### Information supplied

□ □ □ □

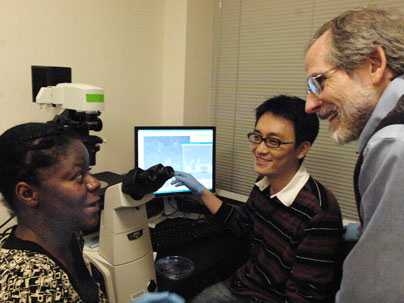 Post-doc in biological engineering Seok Chung points to view of cell-growth as Roger Kamm, professor of biological and mechanical engineering, right, and chemical engineering graduate student Vernella Vickerman look on.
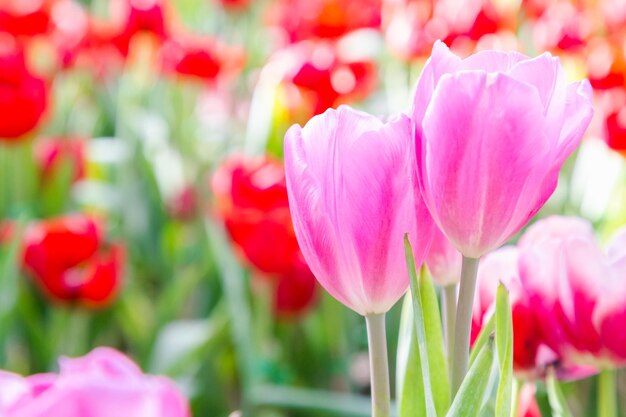 Close-up di tulipani rosa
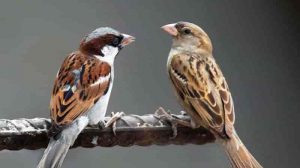 Essay on Sparrow in Hindi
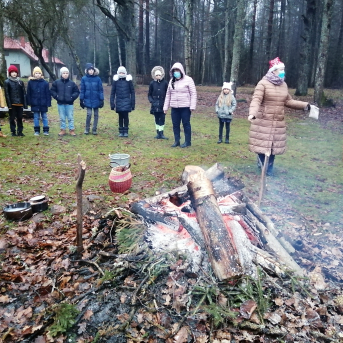 Ziemas saulgrieži -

□ □ □ □

### Work required
Set the listing above down again exactly, leaving pictures out.

### Response box
 Post-doc in biological engineering Seok Chung points to view of cell-growth as Roger Kamm, professor of biological and mechanical engineering, right, and chemical engineering graduate student Vernella Vickerman look on.
 Close-up di tulipani rosa
 Essay on Sparrow in Hindi
 Ziemas saulgrieži -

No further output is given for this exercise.